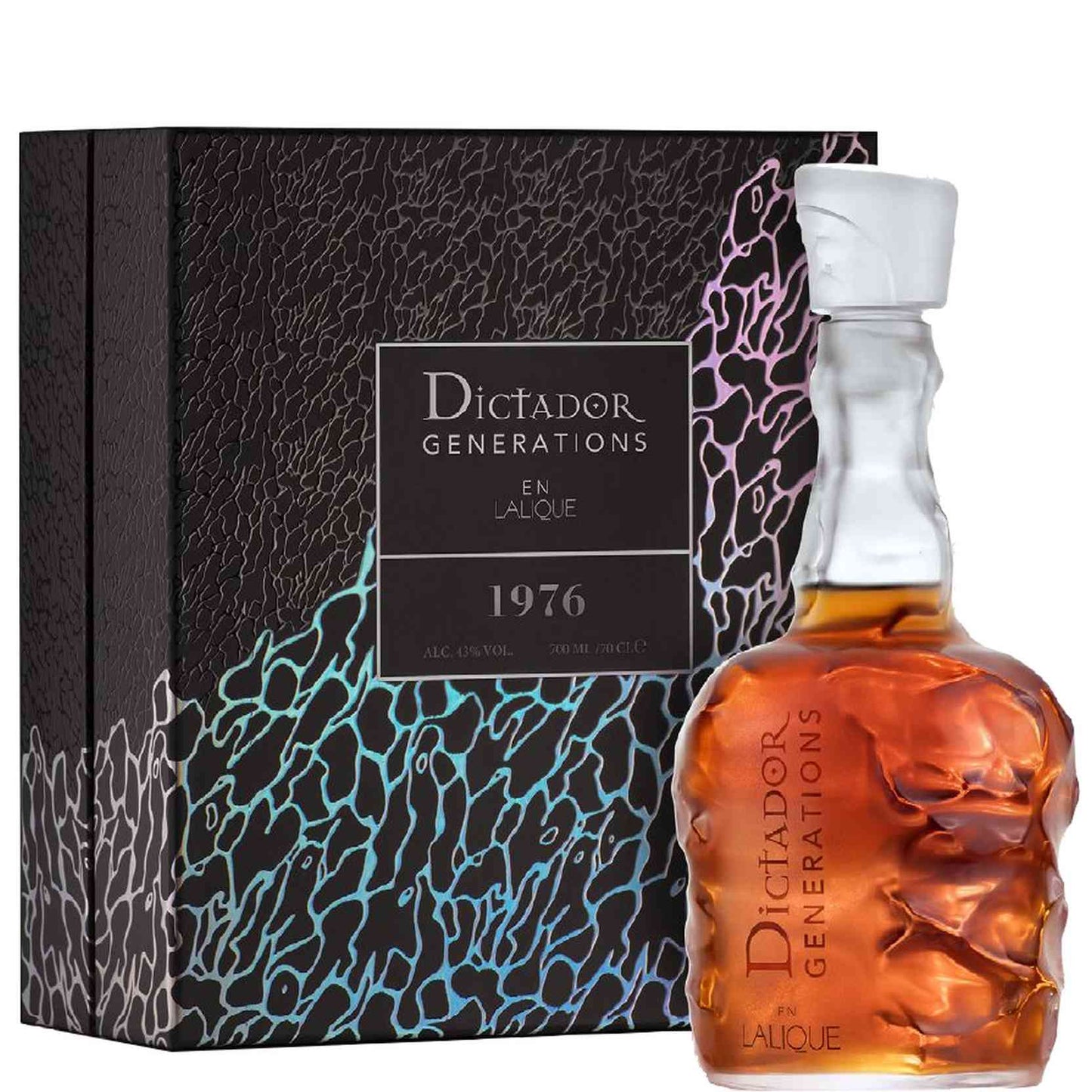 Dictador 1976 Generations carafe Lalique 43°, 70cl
---
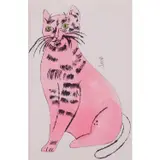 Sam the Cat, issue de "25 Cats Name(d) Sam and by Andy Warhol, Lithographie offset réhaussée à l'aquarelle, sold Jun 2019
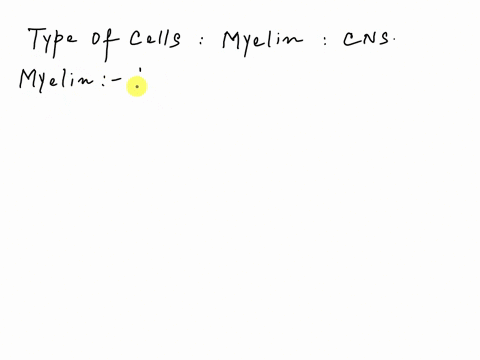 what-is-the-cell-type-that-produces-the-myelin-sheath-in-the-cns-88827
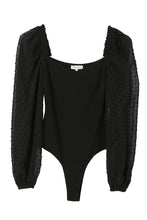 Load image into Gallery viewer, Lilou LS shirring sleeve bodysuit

→ **Assignment**
Return, exactly as they stand, the lines above from the one with "Sam the Cat, issue" to the one with "Load image into", omitting any pictures among them.

→ **Expected answer**
 Sam the Cat, issue de "25 Cats Name(d) Sam and by Andy Warhol, Lithographie offset réhaussée à l'aquarelle, sold Jun 2019
 what-is-the-cell-type-that-produces-the-myelin-sheath-in-the-cns-88827
 Load image into Gallery viewer, Lilou LS shirring sleeve bodysuit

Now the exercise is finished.